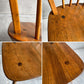 アーコール Ercol フープバックチェア ダイニングチェア スポークバック エルム材 UKビンテージ 英国家具 ♪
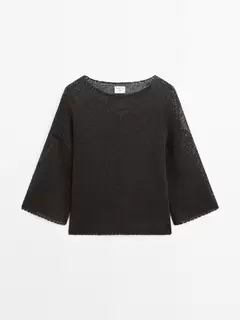 Oversized short-sleeved sweater - STUDIO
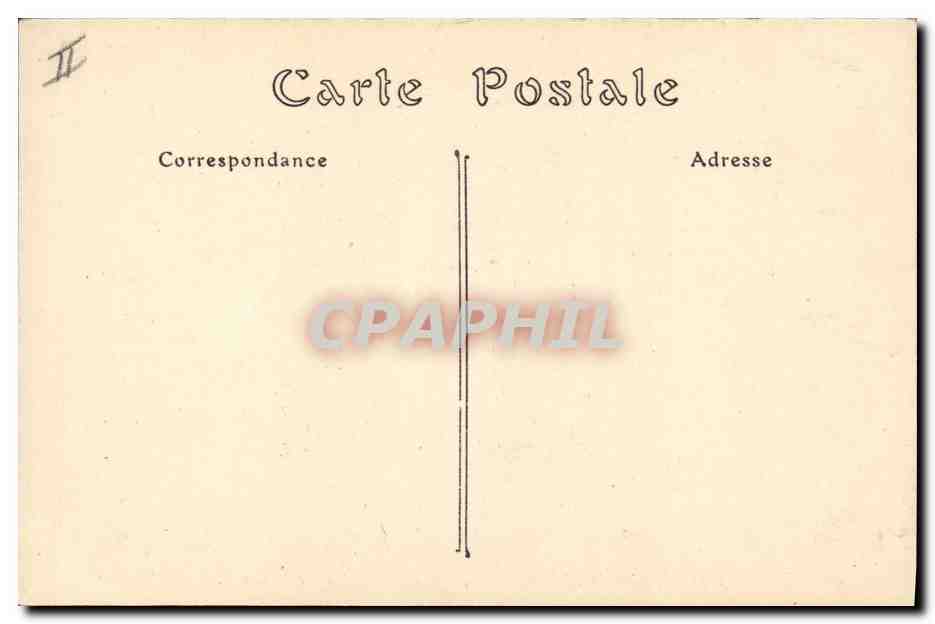 CPA Bateau Port militaire de Brest Sortie du cuirasse Le Hoche — Verso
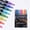 A, variant on Goowood Double Line Outline Markers - Professional Metallic Glitter Pens for Drawing and Writing - Squiggles Outline Marker Set for Birthday Greeting Cards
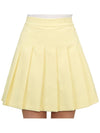 Adina Pleated Skirt Wax Yellow - J.LINDEBERG - BALAAN 2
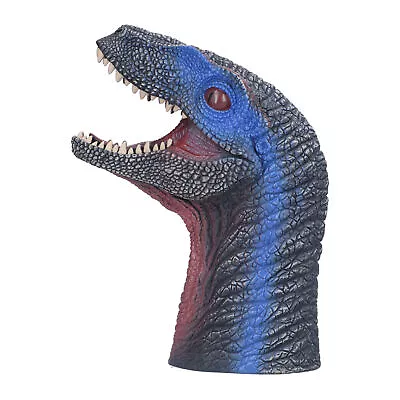 Dinosaur Hand Puppet Non Toxic Soft Rubber Interactive Dinosaur Puppet Toy • £12.69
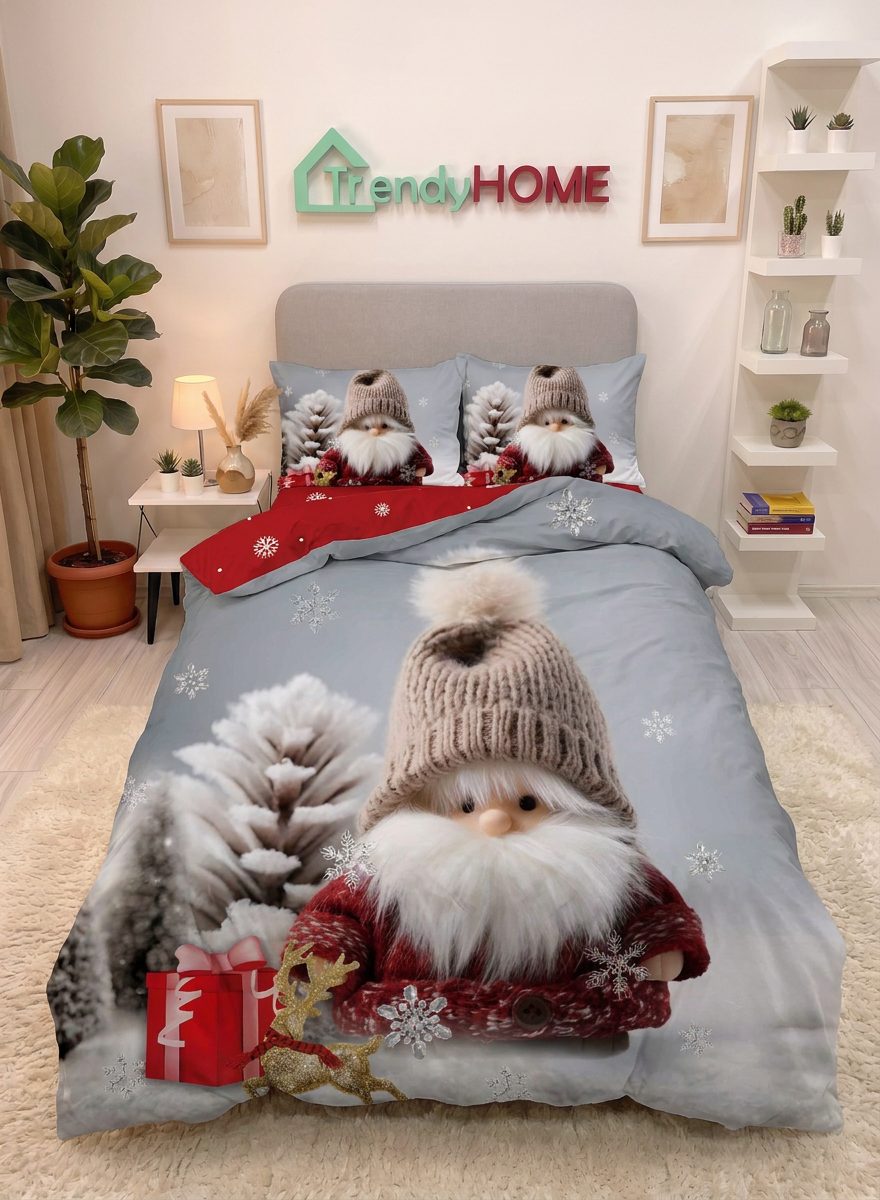Lenjerie Finet 1 Persoana de Craciun, Mosuletul decorativ in zapada, Qy-28 — fotografie reală, acasă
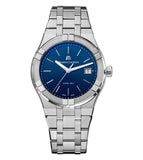  Shop Authentic Maurice Lacroix Aikon Date Blue Dial Silver Steel Strap Watch for Men - AI1108-SS002-430-1 - Luxxuri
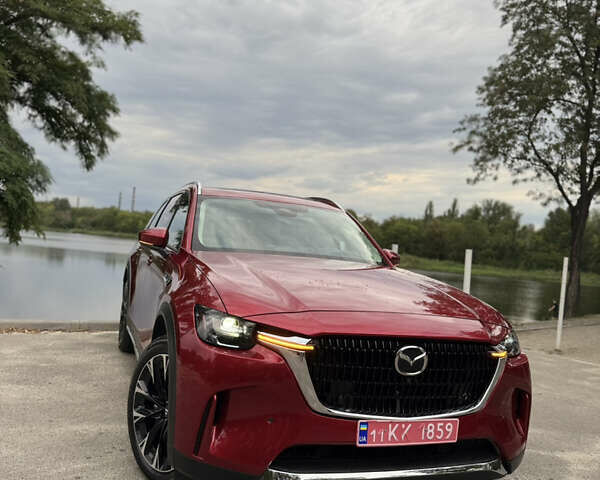 Красный Мазда CX-90, объемом двигателя 2.49 л и пробегом 5 тыс. км за 46500 $, фото 1 на Automoto.ua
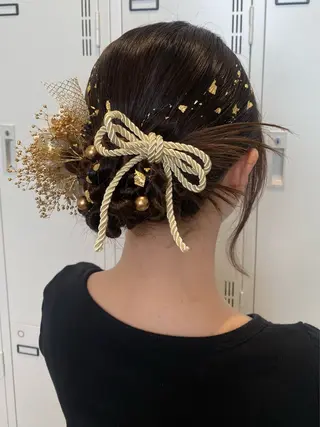 セミロング ヘアアレンジ 🌼髪質改善･アレン ジ･レイヤー🌼のヘアスタイル
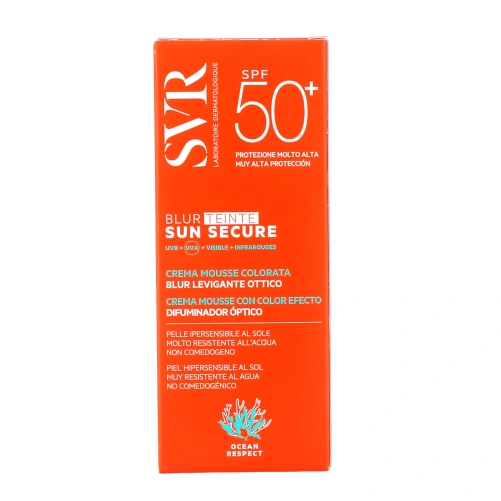 SVR Sun Secure Blur Crème Mousse Flouteur Optique SPF50+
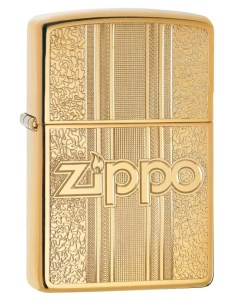 Бензиновая зажигалка and Pattern Design High Polish Brass Zippo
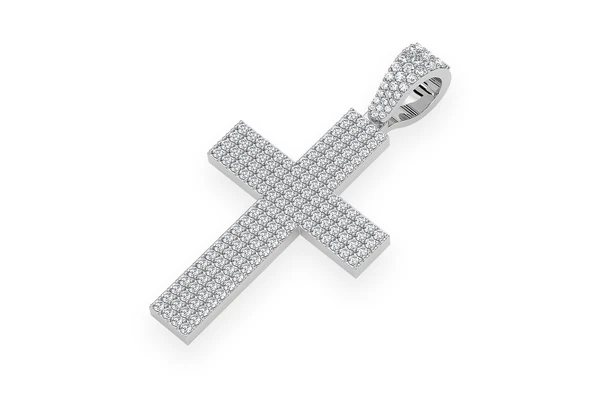 Unique Four Row Cross Pendant  customdiamjewel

#### [What to do]
Write out exactly, please, the lines that start at the one containing "A, variant on" and run through the final line of the entries, both included, leaving pictures out.

#### [Response]
 A, variant on Goowood Double Line Outline Markers - Professional Metallic Glitter Pens for Drawing and Writing - Squiggles Outline Marker Set for Birthday Greeting Cards
 Adina Pleated Skirt Wax Yellow - J.LINDEBERG - BALAAN 2
 Dinosaur Hand Puppet Non Toxic Soft Rubber Interactive Dinosaur Puppet Toy • £12.69
Lenjerie Finet 1 Persoana de Craciun, Mosuletul decorativ in zapada, Qy-28 — fotografie reală, acasă
  Shop Authentic Maurice Lacroix Aikon Date Blue Dial Silver Steel Strap Watch for Men - AI1108-SS002-430-1 - Luxxuri
 Красный Мазда CX-90, объемом двигателя 2.49 л и пробегом 5 тыс. км за 46500 $, фото 1 на Automoto.ua
 セミロング ヘアアレンジ 🌼髪質改善･アレン ジ･レイヤー🌼のヘアスタイル
 SVR Sun Secure Blur Crème Mousse Flouteur Optique SPF50+
 Бензиновая зажигалка and Pattern Design High Polish Brass Zippo
 Unique Four Row Cross Pendant  customdiamjewel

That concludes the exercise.